The Court of International Trade in a decision made public May 9 sustained parts and remanded parts of the 2019-20 review of the antidumping duty order on crystalline silicon photovoltaic cells from China. Judge Claire Kelly remanded the Commerce Department's decisions regarding its "solar glass and air freight valuations and its "methodology for calculating" adverse facts available. The judge sustained exporter Trina Solar's separate rate status; valuation of electricity, ocean freight, backsheet and ethylene vinyl acetate for the plaintiffs, led by Jinko Solar Import and Export Co.; use of JA Solar Malaysia's financial statements to set surrogate financial ratios; deduction of Section 301 duties from U.S. price; and use of AFA against the plaintiffs.
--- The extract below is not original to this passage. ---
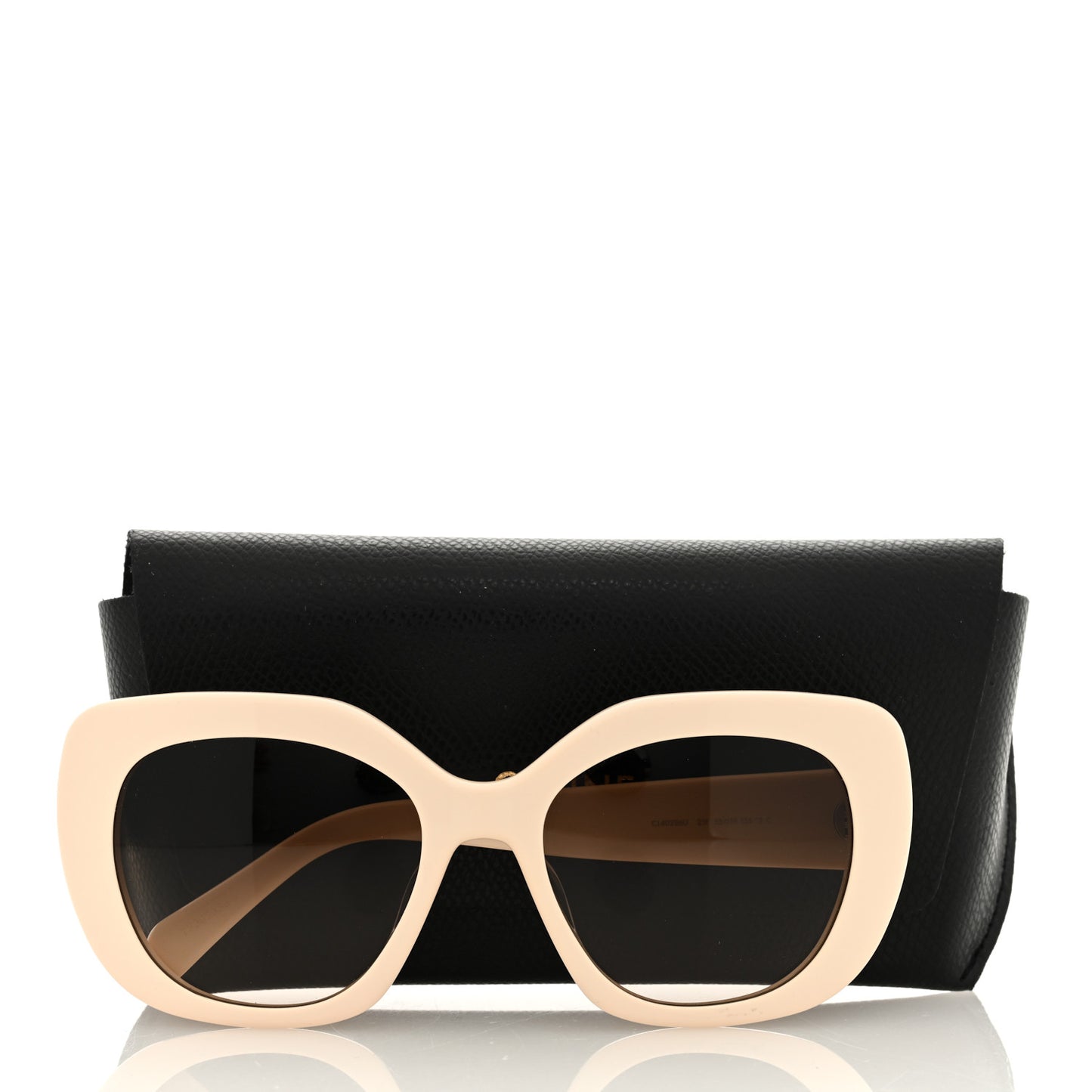 Acetate Triomphe 01 Sunglasses CL 40226U White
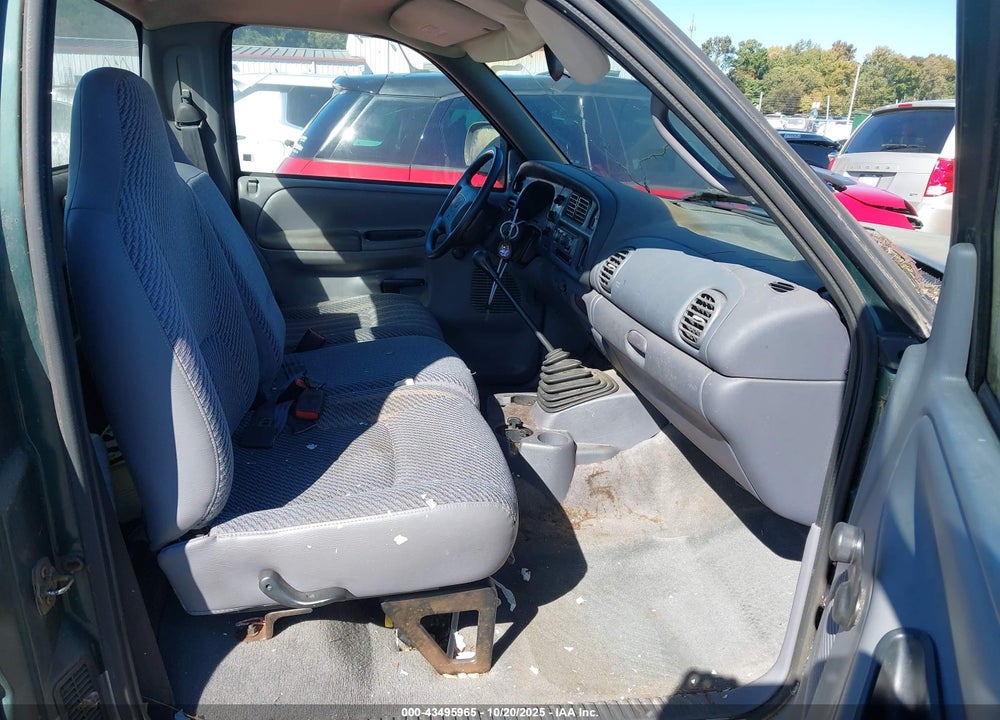 2000 DODGE RAM 1500 ST VIN: 1B7HC16Y9YS590308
The Court of International Trade on May 8 remanded the Commerce Department's treatment of antidumping duty respondent Assan Aluminyum's raw material costs and its hedging practices due to the agency's failure to address the issues during the AD investigation on aluminum foil from Turkey. Judge Stephen Vaden said Commerce failed to address one of Assan's arguments regarding its raw material costs administratively. He also said the agency's post hoc rationalizations regarding the company's hedging revenues don't square with its treatment of the revenues during the investigation. The judge sustained Commerce's treatment of both Assan's late fees as part of a duty drawback adjustment and of management fees paid by Assan's affiliated U.S. reseller. The court also granted Commerce's voluntary remand request regarding the denominator of the duty drawback adjustment.
The Court of International Trade on May 2 again remanded the Commerce Department's finding that the South Korean government's full allocation of emissions permits under the Emissions Trading System of Korea was a de jure specific subsidy. Judge Mark Barnett said the agency illicitly considered factors used as part of a de facto specificity analysis to assess the program, noting that those factors can't be used to find if the program is specific as a matter of law. However, the judge sustained Commerce's findings that the full allotment amounted to a financial contribution to respondent Hyundai Steel Co. and that the company benefited from the allotment.